Less than a day after New Line Cinema announced key casting for The Hobbit comes word that production could remain in New Zealand now that a threat of a labor boycott has eased.
Although director Peter Jackson and his partner Fran Walsh said earlier this week that a lifting of a ban by actors' unions would do “nothing to help the film stay in New Zealand,” Variety reports there's a desire to keep the two films in Jackson's home country, where The Lord of the Rings trilogy was filmed. Publicly, however, there's been discussion of moving the $500-million project to Eastern Europe or to the U.K. studio where Warner Bros.' Harry Potter franchise was shot.
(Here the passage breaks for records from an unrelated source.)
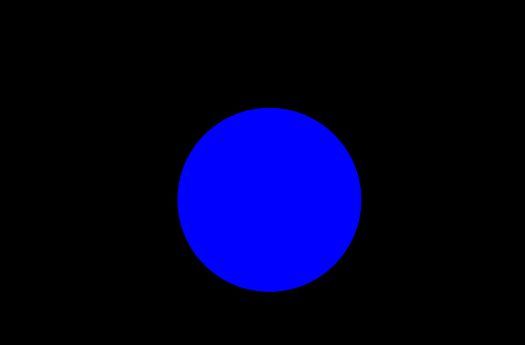 Blue light spot on a black background, used for additive color mixing in lighting technology.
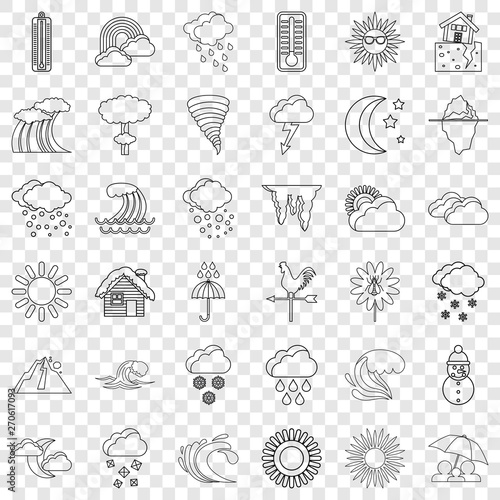 Fototapeta Naklejka Na Ścianę i Meble -  Weather forecast icons set. Outline style of 36 weather forecast vector icons for web for any design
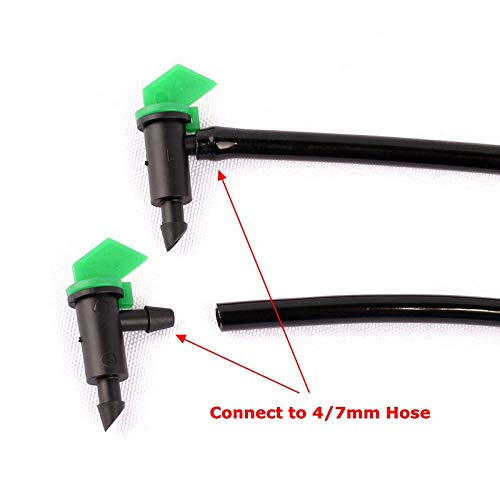 [Australia - AusPower] - Lxcom Lighting 100 Pack 4 GPH Flag Drip Emitter Drip Emitters 16L/H Emitter Sprinkler Drippers System Parts Connect 4mm/7mm Hose for Lawn Vegetables Garden (Green) 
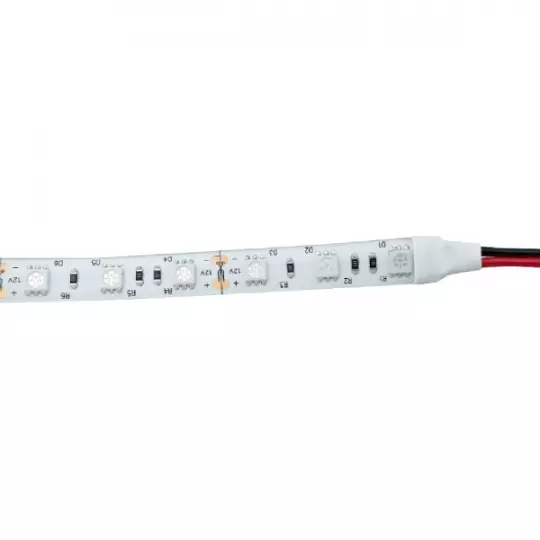 Ruban LED 20cm SMD5050 60LED/m Rouge DC12V IP65 étanche avec câble 1,2m en section 0.75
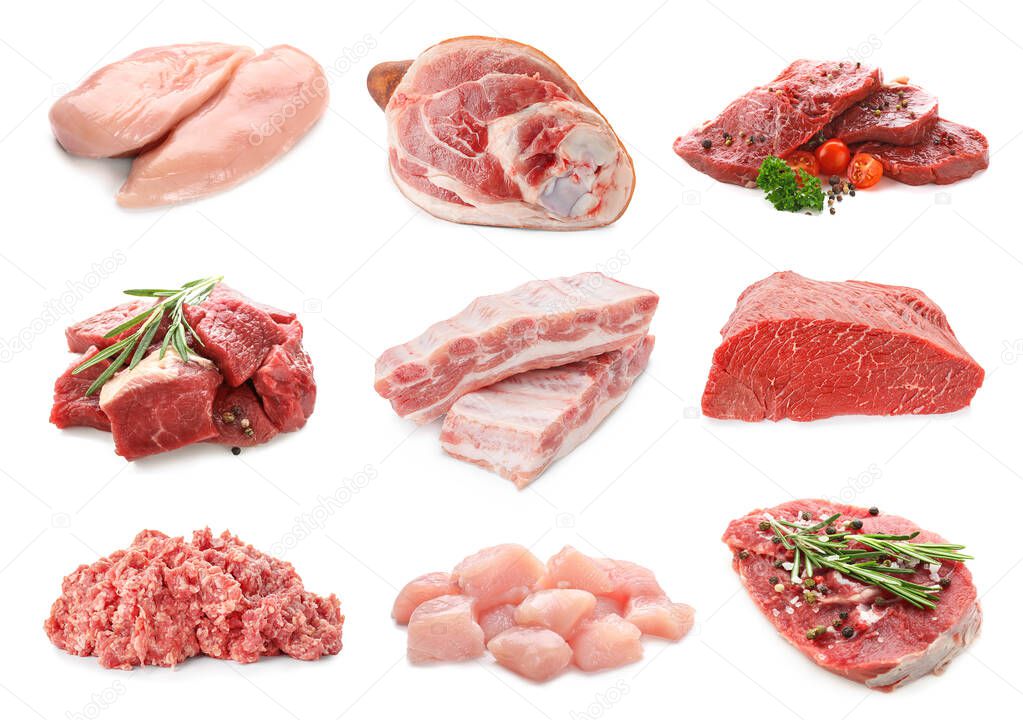 Set with different raw meat on white background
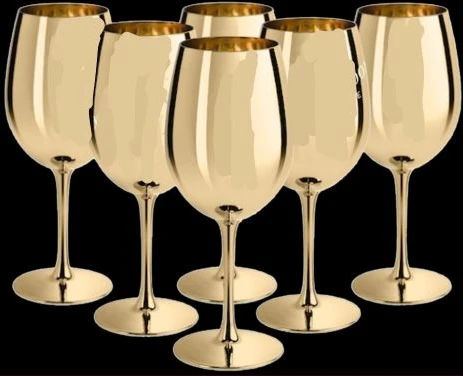 6 Pc, 18.5oz Juice Champagne Stem Wine Glasses Decorative - Gold.
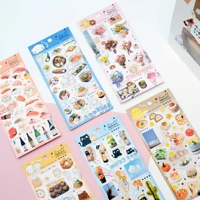 1 pc lovely sushi rice ball cute cats dogs cake flower kids memorial book decoration stickers 6 type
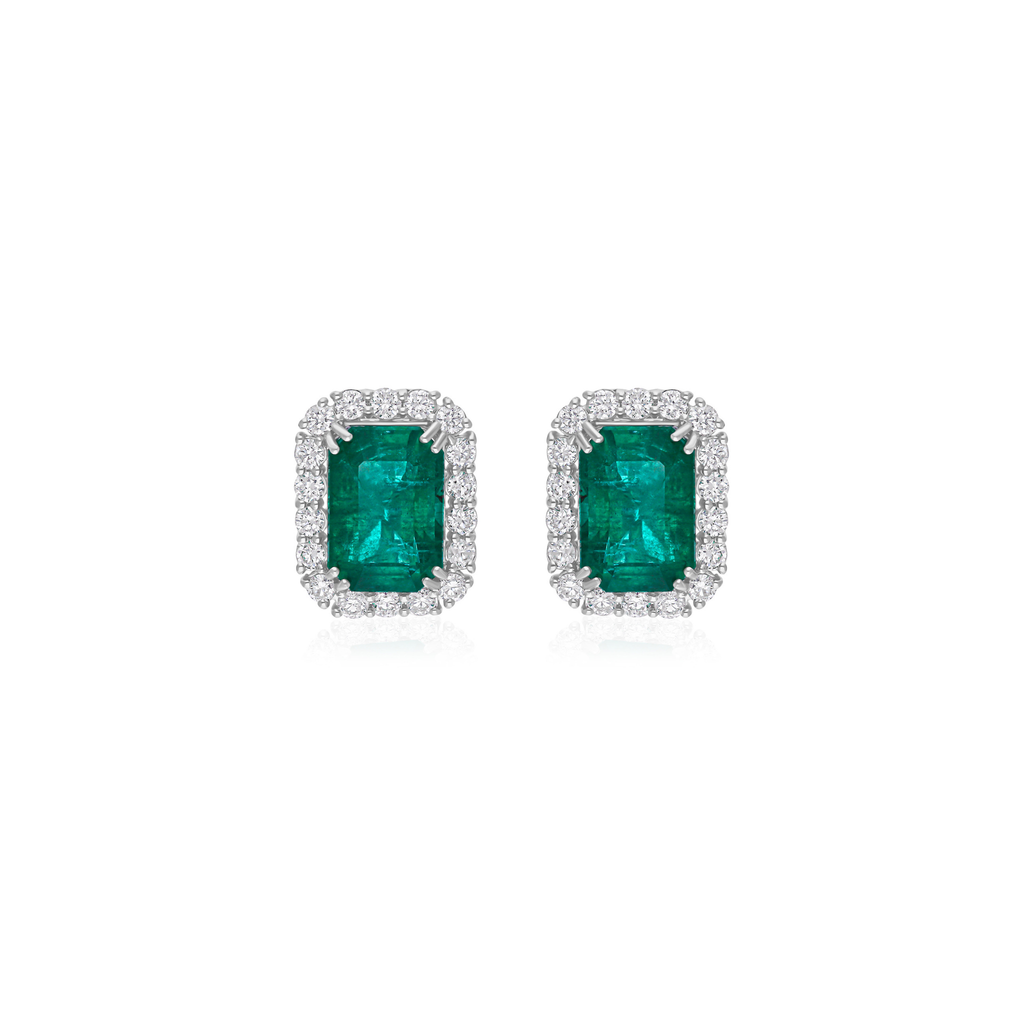 18.53Tcw Emerald Cut Zambian Emerald Halo Diamond Prong Set Stud Earrings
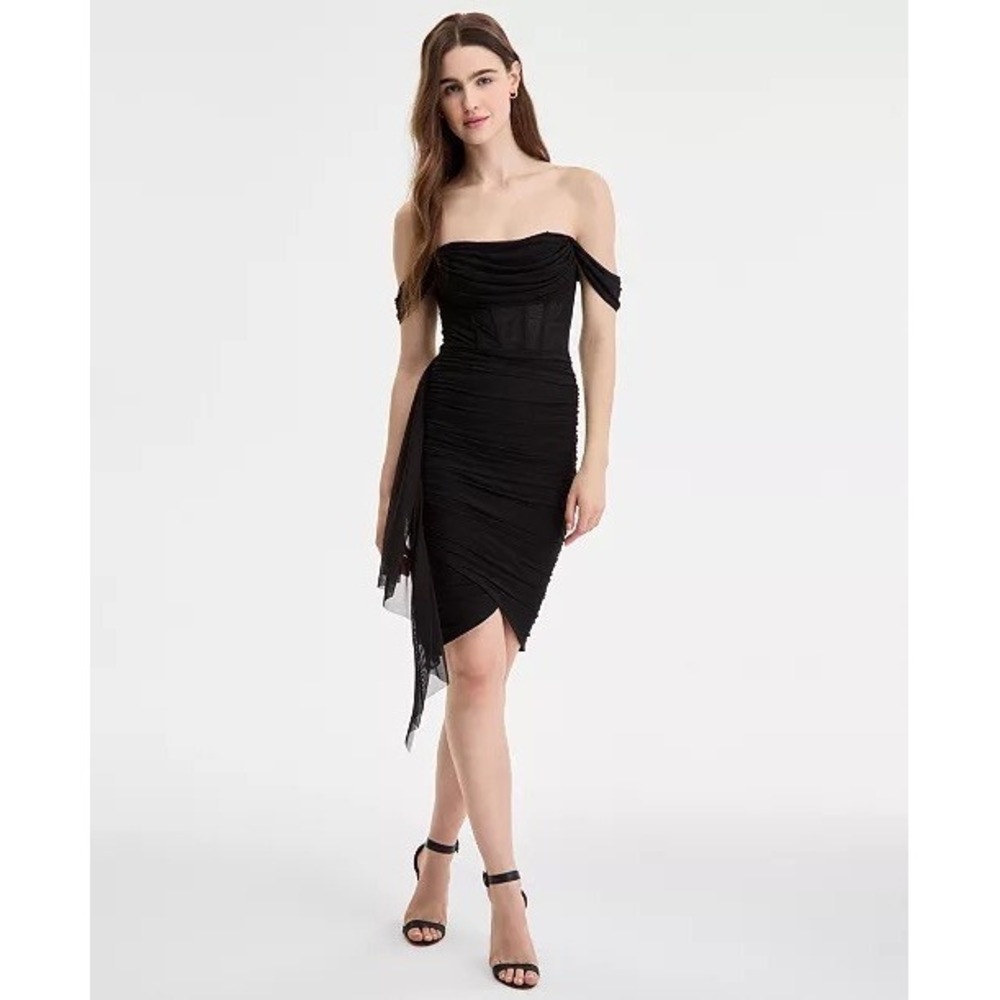 SENI & CADE City Studios Juniors' Off-The-Shoulder Corset Mesh Dress 11/12 NWT
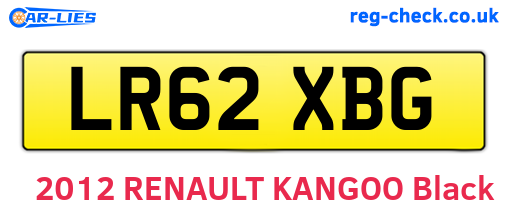 LR62XBG are the vehicle registration plates.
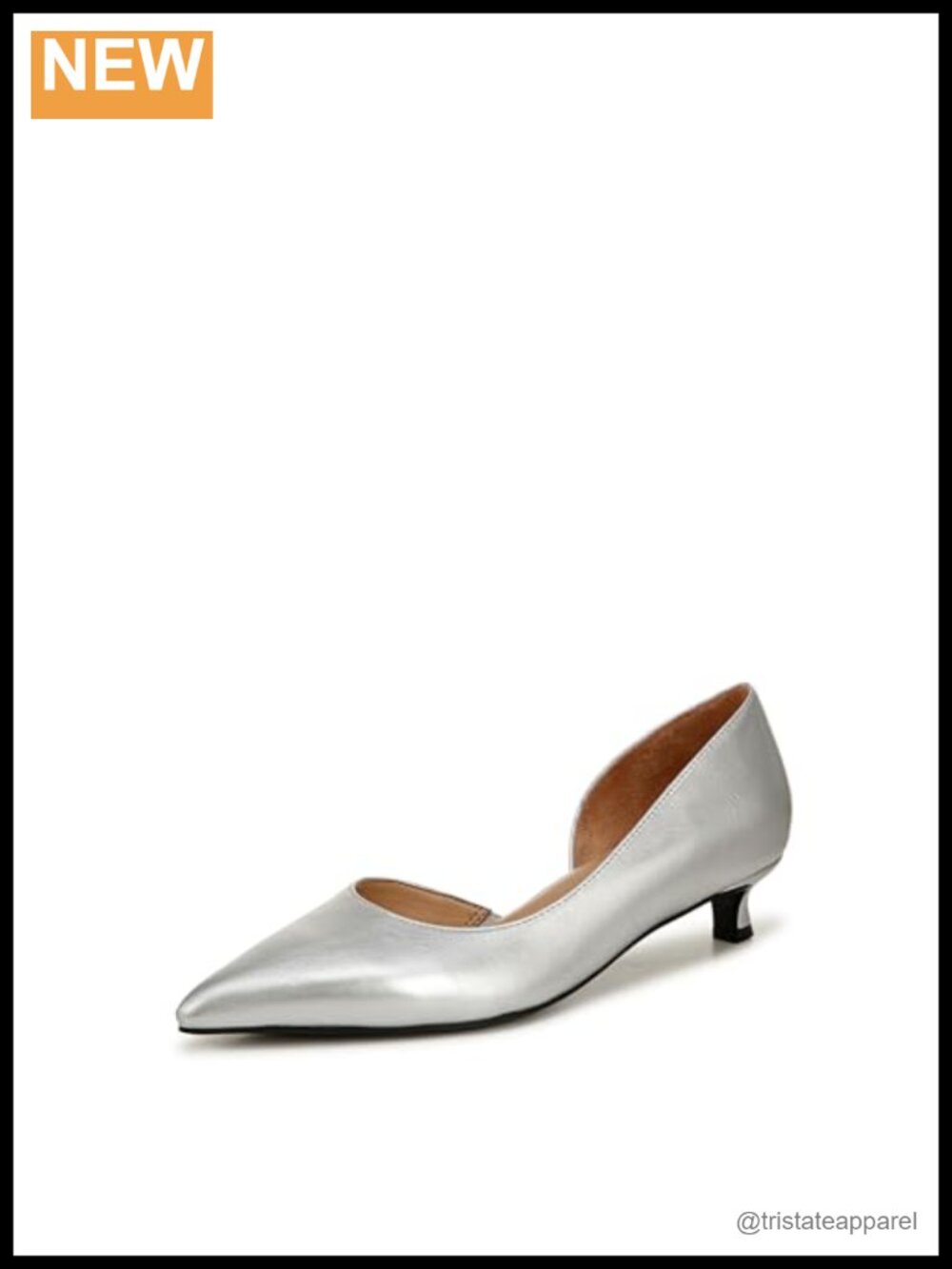 Kitten Heel Pointed Toe Pump D'Orsay Side Styling Comfort
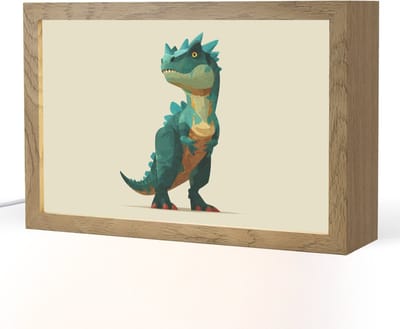 Nachtlampje 30x20 cm - Kinder lampje - Stekels - Dino - Blauw - Gespierd - Tafellamp kinderkamer - Slaapkamer lamp - Bedlamp kinderen - Kinderlampje stopcontact - Wandlamp babykamer - Nachtlampjes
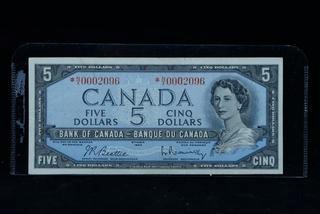 1954 Canada Five Dollar Replacement Bank Note *N/X0002096.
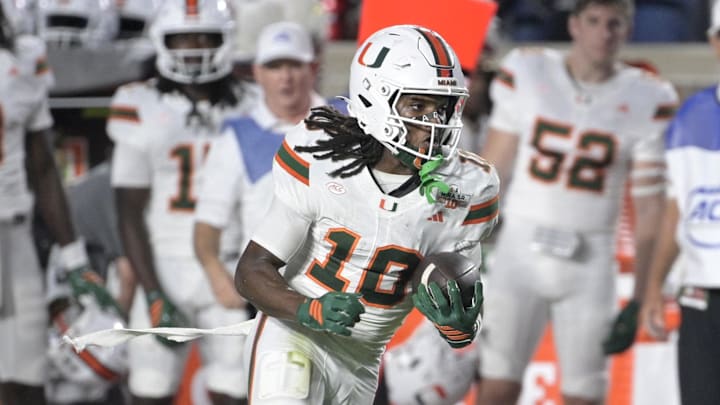 Oct 4, 2025; Tallahassee, Florida, USA; Miami Hurricanes wide receiver Malachi Toney (10) runs against Florida State Seminoles defensive back Jerry Wilson (19) during the first half at Doak S. Campbell Stadium. Mandatory Credit: Melina Myers-Imagn Images Oct 4, 2025; Tallahassee, Florida, USA; Miami Hurricanes wide receiver Malachi Toney (10) runs against Florida State Seminoles defensive back Jerry Wilson (19) during the first half at Doak S. Campbell Stadium. Mandatory Credit: Melina Myers-Imagn Images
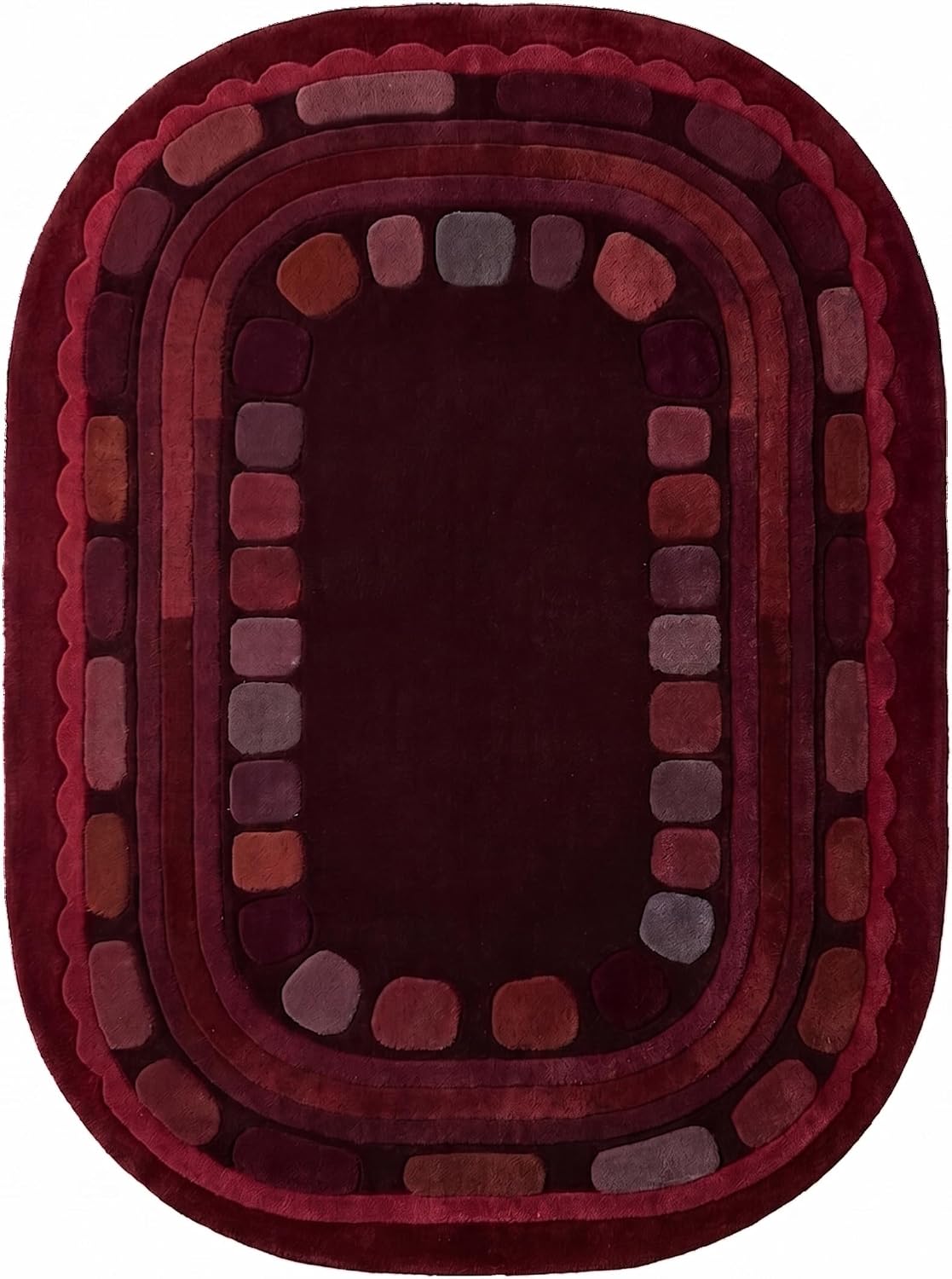 Hand Tufted Wool Rug, Rounded Rectangle Geometric Border Design,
The labor problems stem from a push by the International Federation of Actors for performers in The Hobbit to seek union contracts. Warner Bros., which maintains that the New Zealand performers are independent contractors, not union members, refused to allow the New Zealand Actors Equity to negotiate on behalf of its members. The dispute quickly grew, with six international unions issuing do-not-work orders to their members. On Wednesday, New Zealand Actors Equity, the Screen Actors Guild and American Federation of Television and Radio Artists backed off their opposition.
Variety reports that executives from New Line and Warner Bros. will travel next week to New Zealand to meet with government executives, could offer to increase tax credits to keep The Hobbit in the country.
The two-picture Hobbit, which stars Martin Freedman, Ian McKellen, Richard Armitage and Andy Serkis, is scheduled to begin production in February for release in December 2012 and December 2013.